Top companies like Boeing and Microsoft seek to make the quick buck by selling out local constituencies in favor of cheaper labor elsewhere. Talton, as usual, offers us his sage advice: Keep the Puget Sound a competitive region by fostering innovation, education and a high quality of life. Keep one step ahead of the race to the bottom.

But can we really prosper if we accept the main tenets of the neoliberal model of free trade? If cheaper labor is always available elsewhere, are our jobs safe when companies can just pick up and go? And anyway, what future does the neoliberal model have in a world of diminishing trade and higher energy prices due to global warming and oil depletion?

What if instead we try to make the Puget Sound region a center of quality and stable employment by developing new economic models that tie companies to their roots. What if, at the same time, we tried to foster a new regional economy that puts us at the forefront of ecological sustainability.

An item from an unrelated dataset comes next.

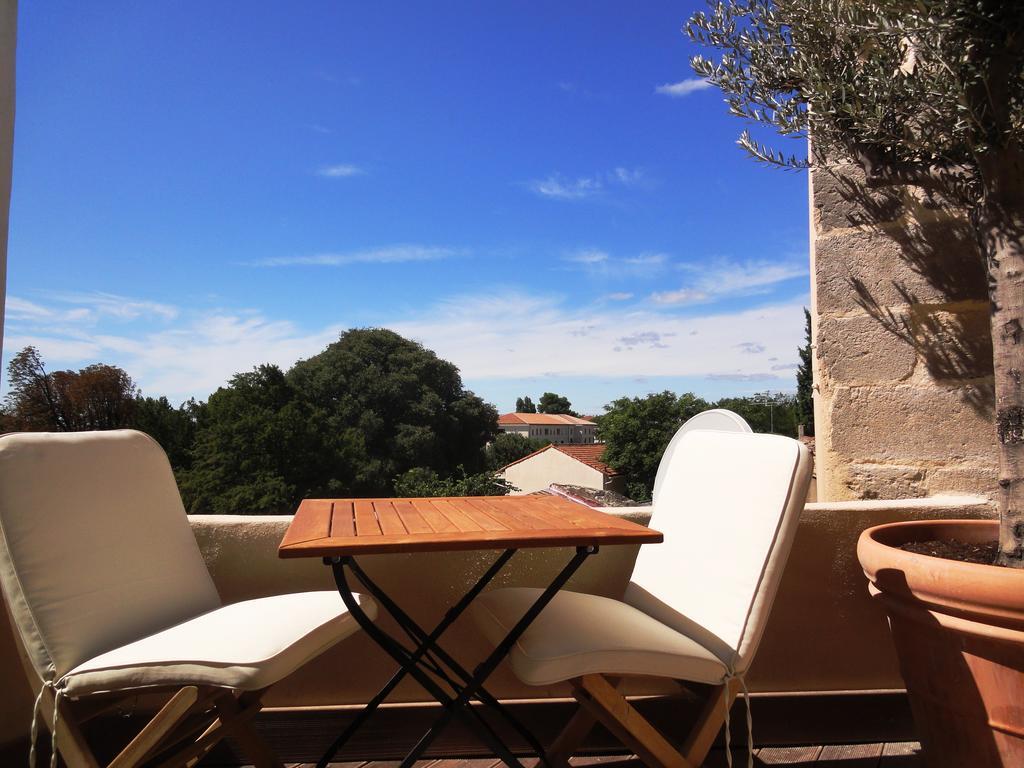 Les Toits D'Uzes Apartment Екстериор снимка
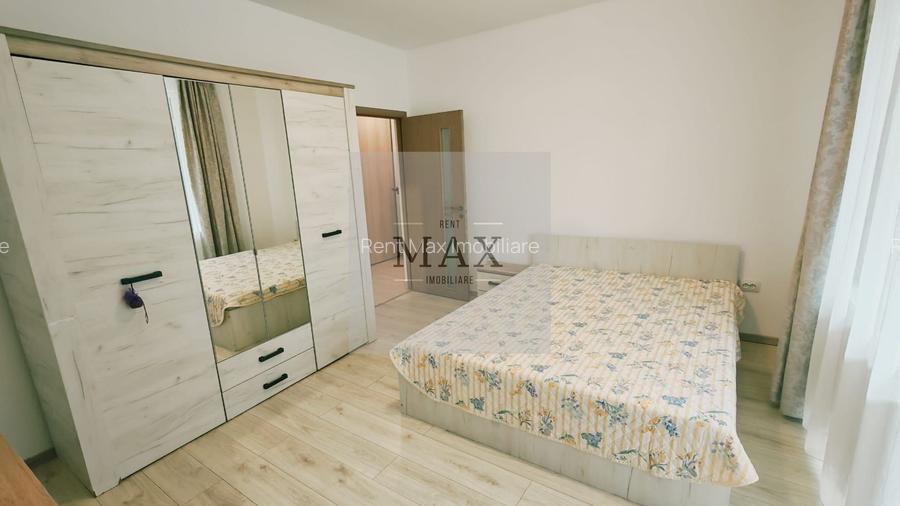 Apartament 2 camere decomandat 60 mp, et. 3, str. Soporului Gheorgheni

We can do this by offering incentives to local companies to use regional products. We can explore new ownership models where workers and unions get a seat at the table, and a stake in the company. Our credit unions, an alternative to large distant banks, with help from local government, could be used to provide the needed seed capital.

With a new mayor promising green jobs, we have the opportunity to make Seattle an innovator not just of new products but of new ways of doing business. A robust and resilient local economy could make us secure and prosperous and less dependent on the fickle and devious attitudes of multinational corporations.